We call this first calibration the *no guardband* calibration. The use of this setting has not resulted in a system failure despite running stressful workloads for days. When we replicate the above procedure using any higher frequency setting, the more aggressive calibrations will cause the processor to eventually fail. Therefore, we believe this tuning essentially eliminates all timing guardband.

We developed a second calibration setting called 50% guardband that we generate by removing only half of the frequency margin used in the traditional voltage selection. This represents a guardband with some additional timing margin over the *no* guardband calibration. While we have shown the *no* guardband calibration runs reliably in our prototype, the calibration point that should be used in a commercial product has additional considerations. A product must take into account test uncertainty, CPM accuracy, long-term aging effects, and the assumption that the worst-case noise workload is indeed the worst case – all perceived to be within acceptable business risk. Therefore, the 50% guardband calibration may be a more acceptable target for commercial purposes.

Our baseline system does not use CPMs, but could be considered to be operating at a *100% guardband* calibration since it has 100% of the traditional voltage guardband.

# 4.3 Validation of Timing Margin Controller

We now validate that the timing margin controller avoids timing failures by testing systems both with and without the controller enabled. These tests focus on workload transients since they happen faster than the power supply voltage can be adjusted. We have observed workload-induced voltage droops in our system with a time period of about 50 ns. In contrast, system voltage regulators take at least a few microseconds to adjust voltage by even 1%. Fortunately, the timing margin controller provides a faster response. An unfiltered output from the CPM allows for very rapid reductions of the DPLL frequency of up to 7% in about five nanoseconds in response to voltage droops.

For the system under evaluation, a technique was developed that creates what we believe to be the most stressful functional change possible from a duration, magnitude, and rate-of-change perspective. The technique broadcasts an instruction pipeline throttle request simultaneously to all 8 cores on the chip. For the stressful workload being tested, the instructions per second (IPS) rate of execution dropped by a factor of 75x, essentially turning the most stressful workload into almost the lightest possible



B) Measured CPM response with timing margin controller disabled. Different droop event from 5A.

Figure 5: Response to worst-case noise event with timing margin controller DISABLED.

workload the chip could ever be executing. Later in time, the corresponding un-throttle command is broadcast which releases the stressful workload to its original IPS rate, or a 75x sudden increase. Note that the effect of these transitions from light to heavy is intensified by the inclusion of active clock gating and array power-down mechanisms in the hardware design. Releasing the throttle causes an instantaneous large change in current as the instruction pipeline refills and reengages the clocked-off and powered-down circuitry. The corresponding voltage droop event seen by the chip can occur on the order of 50 ns, which is more than an order of magnitude faster than any possible voltage change response.

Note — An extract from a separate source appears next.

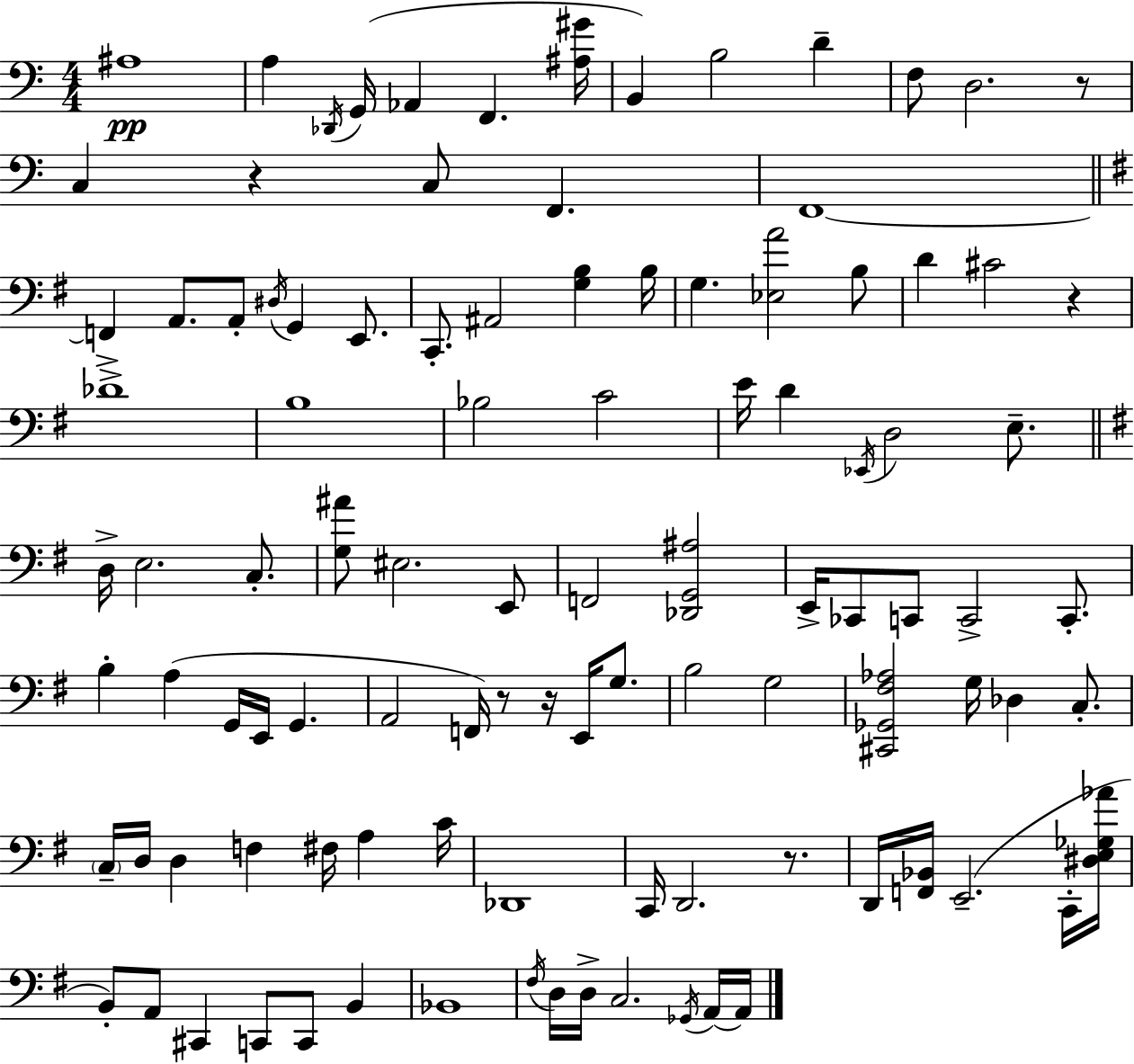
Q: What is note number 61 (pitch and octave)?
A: Db3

Figure 5A shows an illustrative voltage droop event as captured by a scope on a hardware test bench setup using an internal chip voltage sense line wired directly out of the chip onto a debug connector. The droop event begins around 2000 ns into the trace. In this experiment we removed the VRM load-line to enhance the effect of the induced droop so that we could measure the response of the timing margin control system. We ran a steady state maximum power workload at nominal (frequency, voltage, and temperature) and calibrated the CPMs at these same conditions to maximize visibility. Figure 5B shows a cycle-by-cycle internal trace of a very similar, but different instance of, the induced voltage droop event as seen by the CPMs on one of the eight processor cores in this same chip when the timing margin control loop was disabled, also aligned to begin at 2000 ns. Since only the 5-bit thermometer code is available to the trace (and to the DPLL as mentioned previously in this paper), we are unable to resolve cycle-to-cycle readings above edge position 8 or below edge position 3 so the graph clips to those bounds.

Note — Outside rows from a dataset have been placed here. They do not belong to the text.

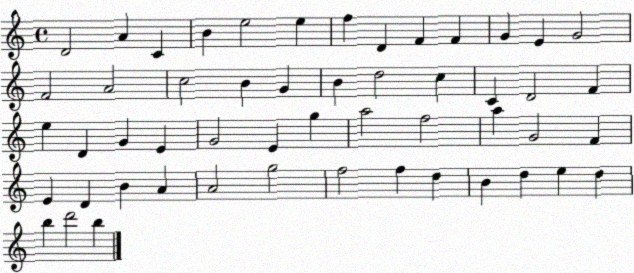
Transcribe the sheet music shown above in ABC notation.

X:1
T:Untitled
M:4/4
L:1/4
K:C
D2 A C B e2 e f D F F G E G2 F2 A2 c2 B G B d2 c C D2 F e D G E G2 E g a2 f2 a G2 F E D B A A2 g2 f2 f d B d e d b d'2 b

Figure 6A illustrates the ability of the timing margin control loop to instantly adjust the DPLL frequency in response to the "unthrottle" voltage droop event. This figure combines simultaneous voltage and frequency traces taken on the same processor core as in Figure 5. This droop event occurs 1520 ns into the trace. During this experiment, the frequency cap of the DPLL was programmed to a nominal frequency of 3360 MHz due to our particular test bench setup. Figure 6B is a cycle-by-cycle internal trace of the CPM edge readings taken for the same droop event in Figure 6A. Dropping to bit 5, which is an excursion of only one additional bit into the edge detector, demonstrates how the mechanism is able to preserve almost all of the circuit guardband despite the magnitude of the voltage droop event. Also note that the edge position saturates at bit 7 when the voltage is above nominal since the frequency cap setting prevents the DPLL from overclocking based on CPM feedback, resulting in extra timing margin.

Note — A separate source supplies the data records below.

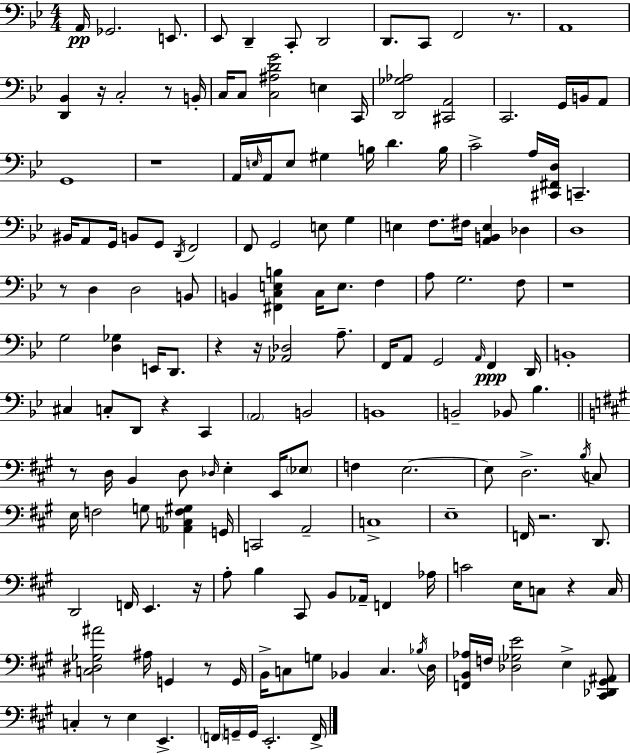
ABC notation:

X:1
T:Untitled
M:4/4
L:1/4
K:Gm
A,,/4 _G,,2 E,,/2 _E,,/2 D,, C,,/2 D,,2 D,,/2 C,,/2 F,,2 z/2 A,,4 [D,,_B,,] z/4 C,2 z/2 B,,/4 C,/4 C,/2 [C,^A,DG]2 E, C,,/4 [D,,_G,_A,]2 [^C,,A,,]2 C,,2 G,,/4 B,,/4 A,,/2 G,,4 z4 A,,/4 E,/4 A,,/4 E,/2 ^G, B,/4 D B,/4 C2 A,/4 [^C,,^F,,D,]/4 C,, ^B,,/4 A,,/2 G,,/4 B,,/2 G,,/2 D,,/4 F,,2 F,,/2 G,,2 E,/2 G, E, F,/2 ^F,/4 [A,,B,,E,] _D, D,4 z/2 D, D,2 B,,/2 B,, [^F,,C,E,B,] C,/4 E,/2 F, A,/2 G,2 F,/2 z4 G,2 [D,_G,] E,,/4 D,,/2 z z/4 [_A,,_D,]2 A,/2 F,,/4 A,,/2 G,,2 A,,/4 F,, D,,/4 B,,4 ^C, C,/2 D,,/2 z C,, A,,2 B,,2 B,,4 B,,2 _B,,/2 _B, z/2 D,/4 B,, D,/2 _D,/4 E, E,,/4 _E,/2 F, E,2 E,/2 D,2 B,/4 C,/2 E,/4 F,2 G,/2 [_A,,C,F,^G,] G,,/4 C,,2 A,,2 C,4 E,4 F,,/4 z2 D,,/2 D,,2 F,,/4 E,, z/4 A,/2 B, ^C,,/2 B,,/2 _A,,/4 F,, _A,/4 C2 E,/4 C,/2 z C,/4 [C,^D,_G,^A]2 ^A,/4 G,, z/2 G,,/4 B,,/4 C,/2 G,/2 _B,, C, _B,/4 D,/4 [F,,B,,_A,]/4 F,/4 [_D,_G,E]2 E, [^C,,_D,,^G,,^A,,]/2 C, z/2 E, E,, F,,/4 G,,/4 G,,/4 E,,2 F,,/4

The data in Figure 6 show how the timing margin control loop responds to a single noise event. Figure 7 shows the results of a longer validation test run on a system with a traditional load line to demonstrate that the timing margin controller allows for significant undervolting of the system while protecting it from failure even while large operating point changes are occurring. Without the timing margin controller present, one can undervolt the system to such an extent that eventually there is a timing failure that causes the chip to malfunction. However, with the timing margin controller enabled, the undervolting amount can be taken well beyond the non-controlled system's minimum voltage while maintaining safe operation, albeit, at a reduced performance level. The validation test consists of the following conditions run with and without the timing margin controller enabled: set the DPLL frequency target to the turbo frequency, run a stressful steady-state workload, periodically throttle and un-throttle the workload to generate significant on-chip noise, and walk the voltage down to demonstrate the undervolting capabilities of the timing margin controller.





B) CPM bit position with timing margin controller enabled. Same droop event as 6A.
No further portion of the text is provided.